_Task statement_.
Each line from the one containing "American Hat Makers Felt Cattleman" through the last line of the records below is to be repeated as written, with nothing added.

_Record extracts_.

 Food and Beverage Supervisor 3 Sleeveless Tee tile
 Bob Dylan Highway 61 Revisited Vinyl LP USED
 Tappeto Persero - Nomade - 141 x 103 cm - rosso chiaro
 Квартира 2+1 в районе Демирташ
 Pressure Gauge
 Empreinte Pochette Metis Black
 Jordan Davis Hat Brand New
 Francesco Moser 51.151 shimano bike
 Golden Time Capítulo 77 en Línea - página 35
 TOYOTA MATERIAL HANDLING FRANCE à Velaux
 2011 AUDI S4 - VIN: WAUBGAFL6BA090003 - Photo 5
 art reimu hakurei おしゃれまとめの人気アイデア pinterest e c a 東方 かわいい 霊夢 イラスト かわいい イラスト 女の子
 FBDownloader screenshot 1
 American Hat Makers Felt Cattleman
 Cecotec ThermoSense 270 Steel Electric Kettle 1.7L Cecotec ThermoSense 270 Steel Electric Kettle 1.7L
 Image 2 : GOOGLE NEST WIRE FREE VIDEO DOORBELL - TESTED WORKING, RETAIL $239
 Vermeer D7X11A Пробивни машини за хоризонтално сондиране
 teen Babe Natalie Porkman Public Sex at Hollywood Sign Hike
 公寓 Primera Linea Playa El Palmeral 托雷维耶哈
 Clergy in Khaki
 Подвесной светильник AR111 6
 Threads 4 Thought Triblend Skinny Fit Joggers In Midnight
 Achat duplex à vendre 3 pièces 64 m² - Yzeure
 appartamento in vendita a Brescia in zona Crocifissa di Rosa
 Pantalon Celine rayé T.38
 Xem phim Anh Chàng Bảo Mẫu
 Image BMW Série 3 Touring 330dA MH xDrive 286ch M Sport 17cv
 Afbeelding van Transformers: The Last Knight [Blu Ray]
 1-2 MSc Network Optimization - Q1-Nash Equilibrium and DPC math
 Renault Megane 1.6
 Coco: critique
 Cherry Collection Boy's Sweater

_Response area_.
 American Hat Makers Felt Cattleman
 Cecotec ThermoSense 270 Steel Electric Kettle 1.7L Cecotec ThermoSense 270 Steel Electric Kettle 1.7L
 Image 2 : GOOGLE NEST WIRE FREE VIDEO DOORBELL - TESTED WORKING, RETAIL $239
 Vermeer D7X11A Пробивни машини за хоризонтално сондиране
 teen Babe Natalie Porkman Public Sex at Hollywood Sign Hike
 公寓 Primera Linea Playa El Palmeral 托雷维耶哈
 Clergy in Khaki
 Подвесной светильник AR111 6
 Threads 4 Thought Triblend Skinny Fit Joggers In Midnight
 Achat duplex à vendre 3 pièces 64 m² - Yzeure
 appartamento in vendita a Brescia in zona Crocifissa di Rosa
 Pantalon Celine rayé T.38
 Xem phim Anh Chàng Bảo Mẫu
 Image BMW Série 3 Touring 330dA MH xDrive 286ch M Sport 17cv
 Afbeelding van Transformers: The Last Knight [Blu Ray]
 1-2 MSc Network Optimization - Q1-Nash Equilibrium and DPC math
 Renault Megane 1.6
 Coco: critique
 Cherry Collection Boy's Sweater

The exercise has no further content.